Friday, February 29, 2008

Business as Usual?

I'm currently listening to Wayne Grudem's 5-part series which is so graciously available for free download through Sovereign Grace Ministries' store. Too often, we don't talk about money as the very spiritual thing (as Ryan Fullerton reminds) that it is a holy way, then are suprised that people do unholy things with it...that doesn't make sense! I really found Grudem's session on investment helpful. As my Dad pointed out, we do have to live in the world, and in some ways the mere fact of our being here advances the causes of sin. Everything's so connected: when I buy one thing, my money goes to the company, which may support other less wholesome things, etc. I guess that means we should work even HARDER to advance causes of the Kingdom?

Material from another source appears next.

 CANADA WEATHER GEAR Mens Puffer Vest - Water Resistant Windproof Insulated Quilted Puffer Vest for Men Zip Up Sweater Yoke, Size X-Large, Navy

Anyway, as I said I'm really appreciating the talks, but have several nagging questions which I fear Mr. Grudem doesn't address at all. So much of our consumerism --our "good business" as he calls it-- in the States is driven by an impoverishing of other nations. There is a short flash video online that is a helpful starting point. Taken with a grain of salt (there's no need to sound like a snarky liberal nor to over-simplify facts) there is ample food for thought for the Christian...

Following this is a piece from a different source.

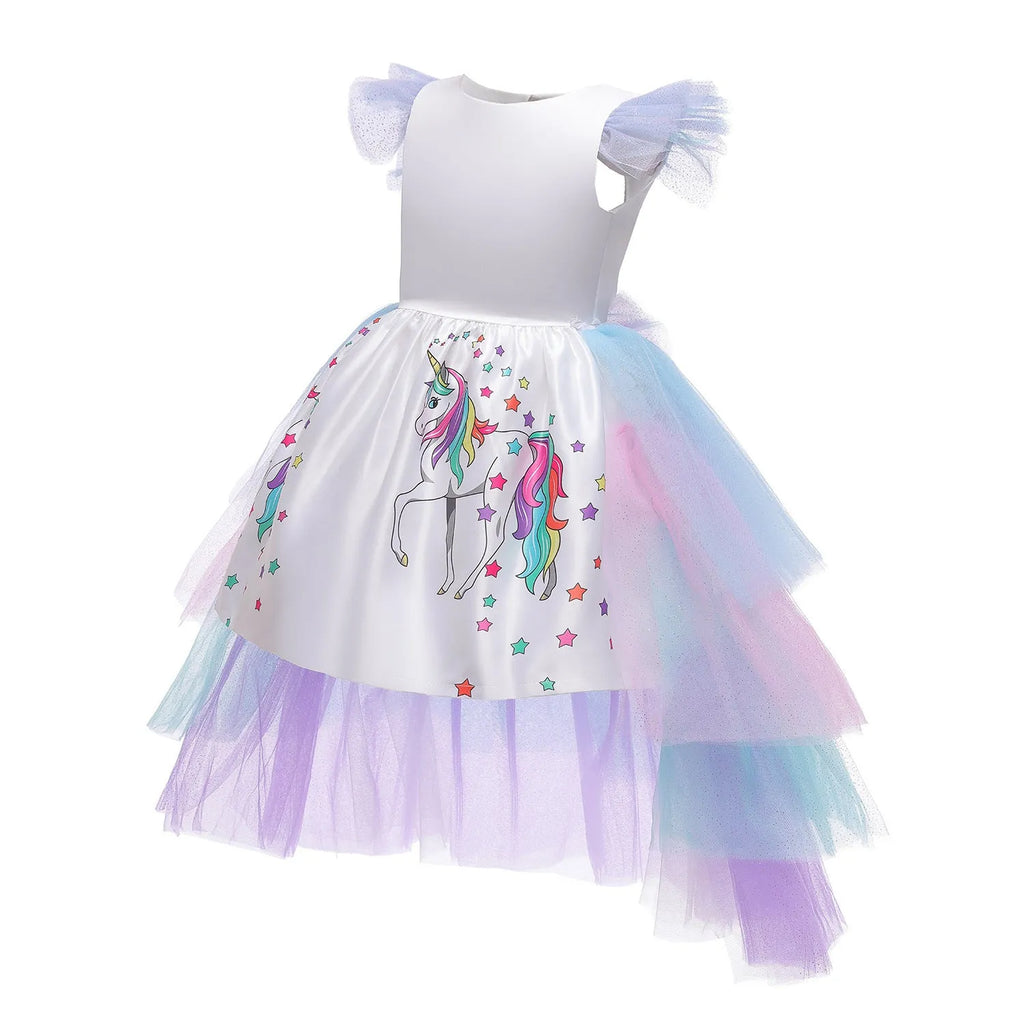 Girls princess dress short sleeve cake skirt white 100-150cm for 3-8 years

There are two main problems I as a Christian see with our modus operandus today:
1) harmful stewardship: irresponsible impoverishing of the earth's natural resources-- the dumping of un-biodegradable substances (such as plastic) into natural areas, like the seas, is harmful pollution, not merely a stride forward in human comfort and convenience-- it's absolutely contrary to everything God does in caring for and creating His creation.
2) lack of neighbor-love --when we dump our trash or impoverish the lands of the "Third World," we actually harm those living nearby. We also take advantage of them when our companies fail to provide good working environments or provide a living wage, or when we buy from companies which fail in these areas. There is nothing holy in laziness or selfishness... and often that's what makes us into a nation of consumers.

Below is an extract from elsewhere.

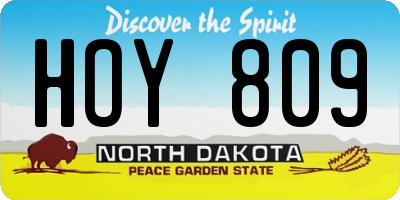 ND license plate HOY809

These questions of neighbor love, and of responsible stewardship/care for Creation pop up that aren't addressed if all we look at is the end product in American hands. Sure, a piece of plastic may seem convenient (helpful), cheap and good use of creativity, but is it really? Something which is so "cheap" here in the US is really soooo expensive, and someone has to pay it. At times the hidden costs are shocking: the "Made in ___" products we buy so cheaply (ex. electronics) are, at times, assembled by imprisoned Christians in horrible conditions, or the ones we buy expensively (ex. gems) are, all too often, obtained at the cost of children's or other innocent lives (watch Blood Diamond if you need convincing).

- What about all the by-products of its production, including fuel and energy used to ship it?
- Where will it go when I'm done with it? (most plastics ARENT bio-degradeable) How will we increase the earth's productivity (which Grudem reminds us is good) if we're polluting it?
- Where did it come from (is it a resource that is too limited to consume so much of it? did we retrieve it responsibly or recklessly?) For these last 2 questions, we have to remember that spoiling land isn't loving to the people who have to live on or around it...
- What about the ones who assembled it-- how were they treated? Reading biographies of some members of the persecuted church, and how they were forced to assemble electronics for sale in the West, under horrible conditions in prison camps, I realize why China can sell stuff so cheaply...

What are your thoughts? I'm trying to make sense of this all myself, and would be interested in you all's perspective as those devoted to God's Word and His Smile.

--The Szrama Mama

[Side Note: We have some friends who run a food co-op here in Louisville, and they have some very strong opinions about being Christians and consumers-- ecological responsibility, neighbor-love, etc. They take it a little further than I'm comfortable taking it without binding someone's conscience where Scripture doesn't, but still, they make you think.]

1 comment:

Jeannette said...

I appreciate all the points you make in this post...there is much to consider. I have become more convicted about my consumerism since I've been working at the rescue mission. I see the massive amounts of cast-offs we receive each week (about 3000 lbs), much more than we can use for our clients. We send what we can't use across state to another mission, and some of what they can't use is shipped overseas to third-world countries...perhaps another form of dumping? Thanks for sharing.